Os problemas com a paciente de São Bernardo não terminam por aí. A paciente precisou de uma cirurgia para corrigir o estrabismo, sequela da cirurgia cerebral, e também não conseguia especialista ou local para fazer os exames. O último problema aconteceu em setembro deste ano quando a filha sentiu dores abdominais e foi parar no pronto atendimento da operadora, em Mauá. A suspeita era de apendicite, mas, mesmo com os pedidos médicos de urgência, não conseguiu fazer um simples exame de sangue, porque todas as unidades próprias da Medical não faziam o procedimento e também não conseguia rede credenciada. Todas essas situações foram relatadas pela paciente à ANS. “Eu fiquei 13 anos com um convênio a quem confiei a minha vida e a das minhas filhas e quando eu mais precisei não tive retorno”, lamenta a usuária que, em novembro deste ano, resolveu trocar de plano de saúde. Disse que pagava à Medical mais de R$ 600 mensais. “Eu queria muito relatar essa minha indignação, a Medical precisa tratar as pessoas como vidas e não como plantas”, reclama.
Cobrança indevida
A aposentada Irene Menarbini, de 85 anos, infartou em fevereiro de 2022 e precisou do atendimento médico de urgência da Medical, convênio que paga há muitos anos. A primeira dificuldade da paciente, moradora de Santo André, é que foi encaminhada para o hospital Santa Rita, na Vila Mariana, Capital. Depois a paciente fez o procedimento cateterismo e permaneceu durante 14 dias em Unidade de Terapia Intensiva, outros dois em quarto até que foi para casa. Praticamente um ano depois o hospital passou a fazer cobranças para a família, alegava que o procedimento não tinha sido autorizado pelo convênio. “Depois de muita discussão admitiram que o convênio autorizou, mas agora voltaram a cobrar a gente de novo porque a Medical não pagou o hospital. Essa semana chegou outra carta de cobrança”, explica a professora Tatiane Menarbini Cazeri, neta da paciente. “Estão nos cobrando quatro dias de internação mais o cateterismo que dá cerca de R$ 20 mil”, reclama.

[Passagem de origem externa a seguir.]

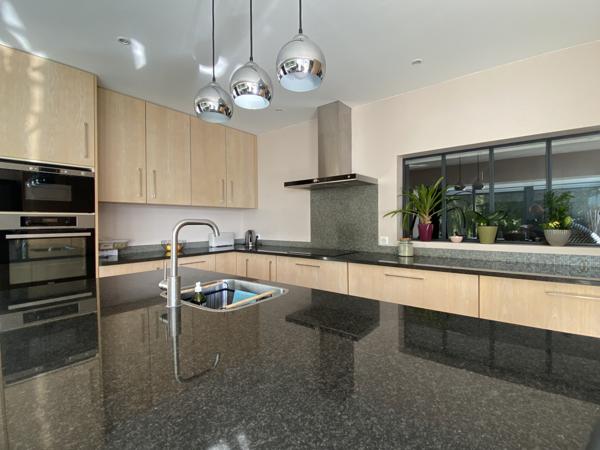 Houdan (78550) Maison familiale 316 m² avec piscine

Em nota, a Medical Health diz que ainda este mês uma nova rede de atendimento estará em funcionamento para dar conta do fluxo de exames e consultas. “A Medical Health lamenta os últimos acontecimentos que têm impactado no atendimento dos seus beneficiários e tem trabalhado para uma reestruturação em busca da normalidade dos serviços prestados. A partir da segunda quinzena de fevereiro uma nova rede deve estar disponível”.
Sobre o caso da dona Irene, a operadora de saúde disse que “vai apurar o caso relatado pela beneficiária, uma vez que pelas regras contratuais o hospital não pode cobrar do usuário nenhuma glosa”. A Medical Health não se pronunciou sobre o caso do servidor Valdir Soares da Silva.